Já em Catende, a maioria das professoras entrevistadas  estava cursando o terceiro grau, grande parte ligada ao curso de Pedagogia.

          A renda familiar dos professores de Catende variou de 1 a 4 salários mínimos. Já em Palmares, este intervalo foi de 3 a 12 salários mínimos. Em ambos os municípios, a maioria dos professores entrevistados era de pessoas nascidas no local ou moradoras há vários anos, com grande experiência de ensino. As médias de tempo de magistério foram quase 12 anos, em Palmares, e 10 anos em Catende.

          Os moradores entrevistados foram comerciantes, donas de casa, comerciários, serventes e aposentados, se encontrando também pessoas com outras ocupações como trabalhadores rurais, político, cozinheira e funcionário público.

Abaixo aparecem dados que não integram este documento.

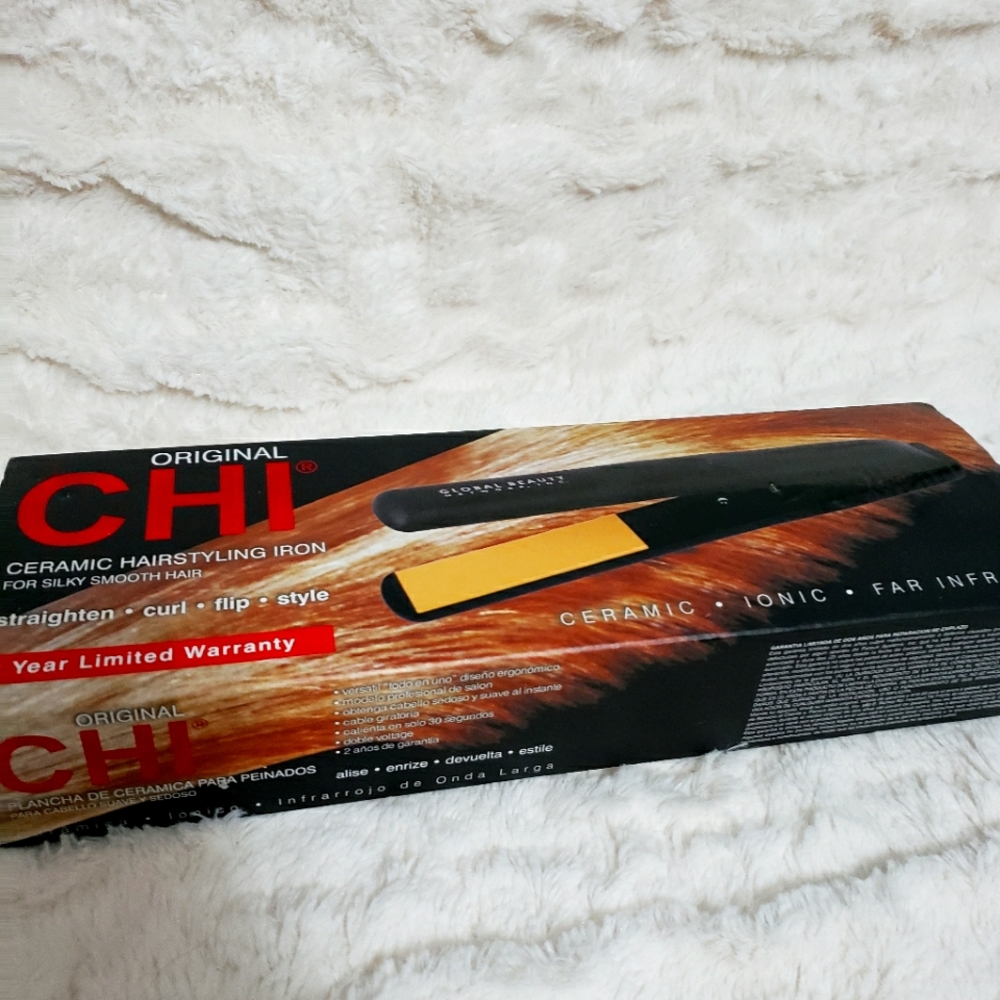 Chi hair straightener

As idades variaram de 22 a 75 anos e 53,3% declaram possuir apenas o primeiro grau de ensino.

          Cerca de um terço dos entrevistados, entre estudantes, professores e moradores, tiveram as casas atingidas pelas cheias de 2000.

 

3.2. Rápida caracterização ambiental

            Alguns itens dos questionários aplicados visaram obter informações ambientais sobre os municípios estudados, principalmente em relação a coleta de lixo, abastecimento de água, esgotamento sanitário, qualidade de ar e da água e espaços livres. Como não houve diferença nas respostas dos três estratos pesquisados (estudantes, professores e moradores), pôde-se analisá-los conjuntamente e chegar a conclusões válidas para os dois municípios. Às opiniões e informações prestadas foram associados os resultados das observações de campo. 

            Catende e Palmares contam com coleta domiciliar regular de lixo na área urbana, com deposição em “lixões”, abastecimento de água encanada promovido pela SAAE (Sociedade Autônoma de Água e Esgotos) e esgoto encanado ligado diretamente a rede fluvial, com algumas fossas (cujos sumidouros dirigem-se também a rede fluvial).

   O ar das duas cidades foi considerado poluído pela maioria da amostra da população, sendo esta constatação mais notável em Catende, onde a localização da Usina Catende, em plena área urbana, representava, até a moagem de 2001, uma fonte de poluição atmosférica importante.

Os rios que cortam as cidades (Una, em Palmares, e Pirangi e Panelas, em Catende) foram considerados poluídos por 91% dos entrevistados, que responsabilizaram usinas, comércio,  matadouros, hospitais e residências pela contaminação das águas. Mesmo assim, são comuns as pescarias e os banhos nos rios, especialmente no Pirangi e Panelas, sendo mencionada a ocorrência de piaba, acari, carito, traíra, tilápia, piranha, chupa-pedra, pilato, dourado e pescado entre os peixes encontrados nos rios.           

O centro de Palmares apresenta-se congestionado de veículos, com trânsito lento e grande disputa por vagas para estacionamento, o que fez parte dos entrevistados queixarem-se da poluição dos carros.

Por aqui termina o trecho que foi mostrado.